Research Content

     The Langlais Lab is all about insulin signaling, more specifically, discovering the underlying mechanisms governing insulin-stimulated glucose uptake. Through a series of protein signal transduction pathways, insulin stimulates the translocation of the insulin-sensitive glucose transporter GLUT4 to the cell surface, resulting in a massive influx of glucose into target cells in both muscle and adipose tissue. The net result is the lowering of blood glucose levels back to normal, a process that if interfered with (termed “insulin resistance), can be a contributing factor to the pathogenesis of type 2 diabetes. So we attack this problem with the mantra that you can’t fix it until you know how it works. 

     In 2011, by taking advantage of affinity purification mass spectrometry (AP-MS), Dr. Langlais, as a post-doctoral fellow in Dr. Mandarino’s lab, discovered that insulin stimulates the phosphorylation of the microtubule associated protein, CLASP2, a finding that eventually tied CLASP2 to insulin-regulated trafficking of GLUT4 and glucose uptake. Since CLASP2 tracks along the growing plus-end of the microtubule, a hypothesis evolved that proposes CLASP2 directs growing microtubules to hotspot landing zones on the plasma membrane, whereby setting up accessible GLUT4 for acute translocation and plasma membrane fusion (Langlais et al, JBC, 2012). The Langlais Lab has been in hot pursuit of this notion ever since.

          The first big move on the CLASP2 project started as “just characterizing the CLASP2 interactome”, which turned into a 5+ year gauntlet. Turns out, pulling off an actual conclusive interactome is difficult, but even worse, is trying to avoid false positives. Once those hurdles were overcome, a chain of reciprocal interactome experiments led to the establishment of a CLASP2 protein network in adipocytes, and also niftily managed to identify a new microtubule-associated protein, SOGA1 (Kruse et al, MCP, 2017).
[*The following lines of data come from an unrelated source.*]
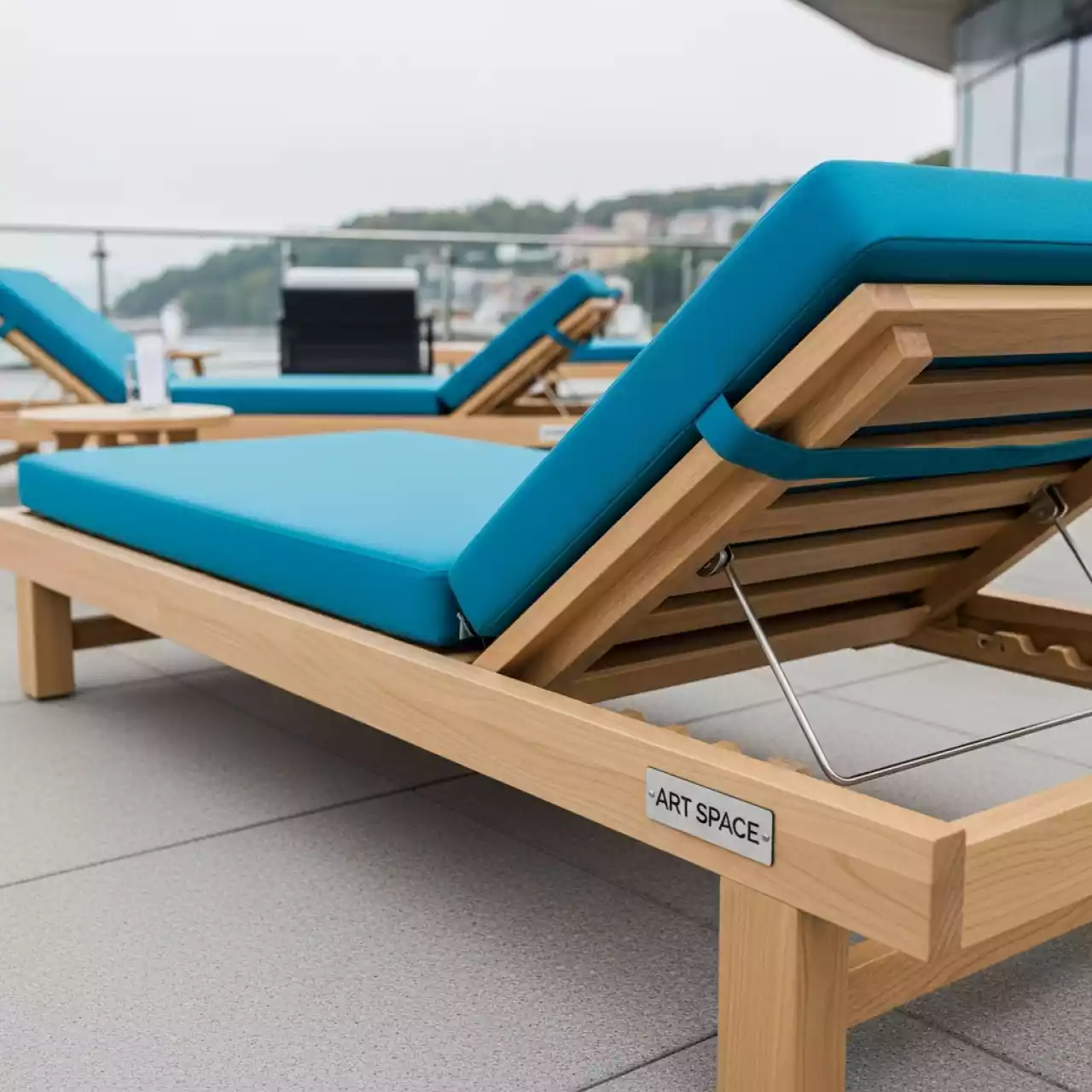 Аренда Лежак деревянный Chelsea с матрасом в Courtyard by Marriott Sochi — ART SPACE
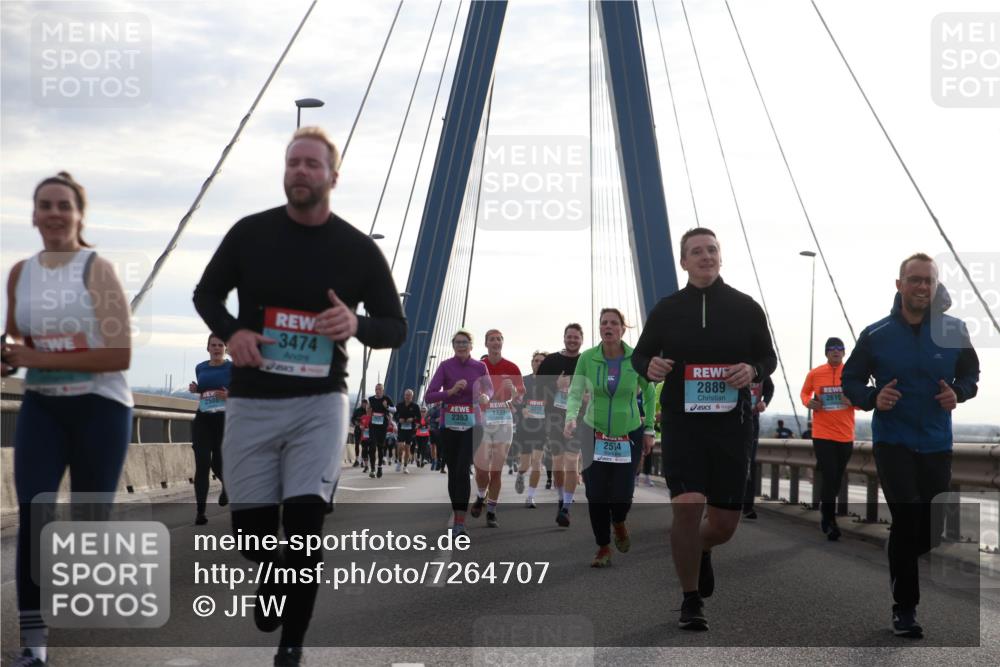 03.10.2024 - Köhlbrandbrückenlauf Jannik Wohlers http://msf.ph/oto/7264707 03.10.2024 09:30:10 Position 1 3474, 1739, 2353, 2514, 2889, 2615 meine-sportfotos.de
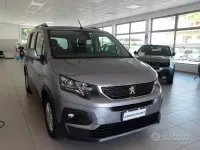 Usata Peugeot Rifter Allure 131 CV (96 kW) 2020 Grigio Monovolume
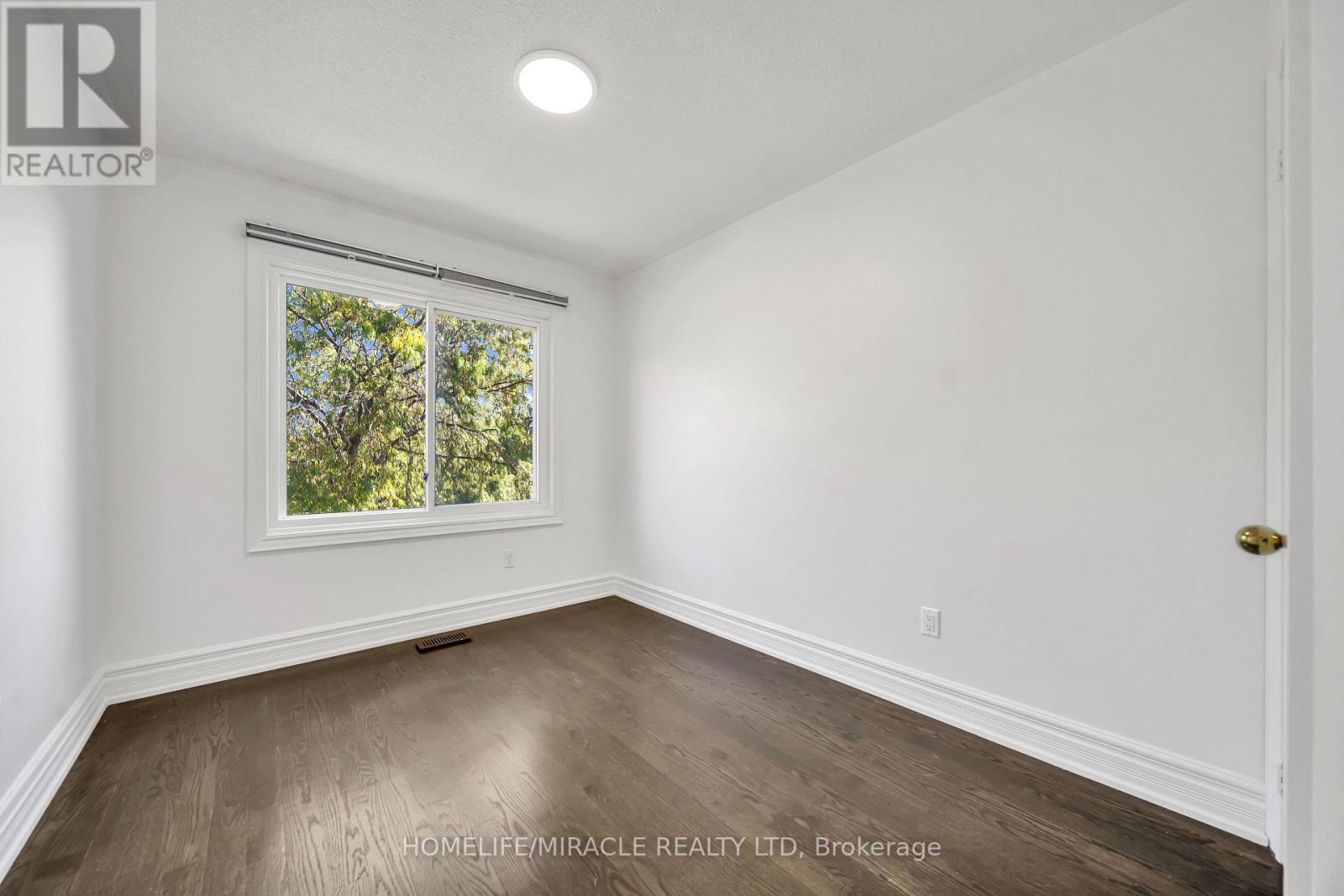469 FOTHERGILL BOULEVARD - 19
     Next up we set out to test the hypothesis that insulin affects CLASP2 dynamics in a live-cell setting. For this, we collaborated with the Mouneimne Lab and Sara Parker, a Post-Doctoral Fellow, who ended up joining in on the obsession. We were able to link CLASP2 together with G2L1, a plus-end binding protein that associates with both microtubules and actin, and we discovered that insulin causes both proteins to spatially reorient themselves along microtubules. The microtubules looked braced with all that CLASP2 and G2L1 after insulin stimulation, an observation that once we followed up on, led to the discovery that insulin causes microtubules to stabilize, a finding we brought Nam Lee's Lab in to help out with.


     The cherry on top of this scientific smorgasbord though was another hypothesis we had that hit pay dirt. We did not think CLASP2 was the only microtubule associated protein that responds to insulin stimulation, so using a novel label-free mass spectrometry-based method for quantifying directional changes in protein phosphorylation that we came up with, we discovered that the CLASP2 protein network members MARK2, CLIP2, G2L1, AGAP3, CKAP5, and the closely associated EB1, all undergo insulin-regulated phosphorylation. We now believe that it is not just CLASP2, but rather, a network of microtubule-associated proteins that synergize to coordinate insulin-regulated microtubule dynamics. All this ended up being wrapped up together in our latest publication (Parker at al, 2019, MCP)

     After working on these microtubule-associated proteins for long enough I had about 26 failed grant proposals, so, I came to the conclusion that what this world needs is another review! Even though microtubules have been in and out of vogue in the field of insulin action for decades (although they are definitely not currently in vogue as I think we're the only lab in the universe who works on them), there has never been a review on this topic. I reached critical mass in 2020, roped in Skylar the undergrad post-doc, and off we went into the abyss and right away realized we were screwed. Unfortunately, the literature is all over the place in regards to findings on microtubules in insulin action, although, after staring between thousands of lines of text, patterns began to emerge. We contacted Trends in Endocrinology & Metabolism and the editor Matthew Beymer was all in immediately. So, over the next 18 months, we wrote it, went through peer review, obtained excellent feedback, and got it out there for all of you to enjoy (Batty and Langlais, 2021, TEM). As with everything we put out, I'm really curious if anyone references this review, you know? How much impact are we really making here?  

     What’s next right? We are currently wrapping up our project on characterizing insulin-regulated CLASP2 phosphorylation. We are in hot pursuit of G2L1, a sassy protein that connects microtubules and actin, so far, grant success on that is 0 for 2 but, you know how that goes, only 14 more submissions and I still won't have a grant but maybe i'll be retired LET'S GO!